4) Blade Runner 2049

Hollywood simply doesn’t make science fiction movies like Blade Runner 2049 anymore — movies that are epic in scope, with major stars, huge budgets, and slow-burn, intricate, weird stories. Blade Runner 2049 somehow not only met the expectations of a follow-up to its iconic predecessor, but it expanded and built on the mythology in surprising and satisfying ways. Harrison Ford’s Deckard was back, but only in service of Ryan Gosling’s K, a replicant cop who’s drawn into a high-stakes case. Plus, story aside, there was not a more beautiful piece of filmmaking all year. Every frame of Blade Runner 2049 is a work of art.


Image: Disney

5) Star Wars: The Last Jedi

This one is still relatively fresh in our minds, so we figured right here in the middle was a safe place to put it, in case our feelings about the film settle down a bit over time. Still, there’s no doubt The Last Jedi is one of the best genre films of the year.
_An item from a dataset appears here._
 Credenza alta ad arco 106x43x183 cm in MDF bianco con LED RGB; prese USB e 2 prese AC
It shatters the expectations of what a Star Wars movie can be and it does so in ways that not only improve The Force Awakens, but also set a tone and high bar for the franchise as whole. It takes bold risks, makes crazy decisions, and has some of the most jaw-dropping visuals of the year. It’s unlike any Star Wars film we’ve ever seen before – and that’s a good thing.
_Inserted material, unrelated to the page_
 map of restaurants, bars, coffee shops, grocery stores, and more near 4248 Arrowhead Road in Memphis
The 5 Worst Movies of 2016

1) Transformers: The Last Knight

Trying to describe the story, motivation, or basically anything in Transformers: The Last Knight is an exercise in futility. The movie is jam-packed with plot, little of which makes sense or links together logically. And yes, of course, this is a movie about aliens that transform into trucks, but that doesn’t mean it should be so long, boring, or nonsensical. And this was supposed to be the Transformers movie that restarted the franchise, not put a stake in its heart. More Transformers movie will come, but we doubt many will be as bad.

2) The Mummy

Maybe before casting and announcing a massive, multi-film franchise, make sure the initial entry is good… if not great? Unfortunately for the Universal’s Dark Universe, The Mummy is neither of those things. It’s a generic action movie that feels tangential to the Universal Monsters property it’s based on, filled with links to a world moviegoers will most likely never see. Somehow it totally misunderstands what makes a good monster movie, and is still just an average action movie, too. A huge disappointment.

3) Geostorm

If movies were judged on how many scenes they have featuring people looking at computers, Geostorm would have been a massive success. Instead, it’s the opposite, a flat take on a global disaster storyline with performances and drama that barely qualify as such. The effects are disappointing, the action lacklustre. How a movie that features Gerard Butler saving the world from space could be so underwhelming is beyond us.

4) Flatliners

The first Flatliners is basically an okay movie. So to remake it with better visual effects, but very few other innovations, was an odd choice. The premise – a group of doctors explore death by killing, then reviving, each other — still sounds great on paper. It’s just that in execution, Flatliners is less about exploring death and more about being a weak-sauce horror movie.

5) The Dark Tower

The Dark Tower had a great cast, and it certainly didn’t lack ambition; since seven movies based on seven books in the Stephen King series was probably never going to happen, this single film tried a new approach to the material. Unfortunately, the approach taken undercuts much of what made the books so beloved, and completely fails to entertain in the process. It’s a flailing corpse of a movie that was DOA long before it made it to theatres.